START DATASET EXTRACT

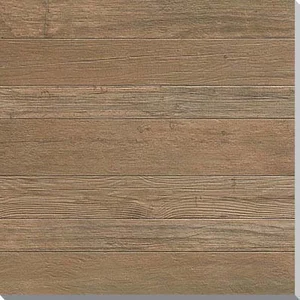 Керамогранит Atlas Concorde Italy Axi Brown Chestnut Lastra 20mm AE7H 60x60 структурированный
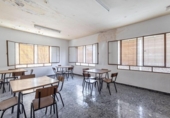 Casa de pueblo en venta en la España, Cijuela, ref: TR415159 foto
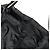 Borsa Tote Chanel Sport Line Coco Mark Nero - vista 6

END DATASET EXTRACT

→ EXERCISE DETAILS
Leave the pictures out and copy exactly the lines from the one that holds "Casa de pueblo" through the last line of the material.

→ WORKED SOLUTION
 Casa de pueblo en venta en la España, Cijuela, ref: TR415159 foto
 Borsa Tote Chanel Sport Line Coco Mark Nero - vista 6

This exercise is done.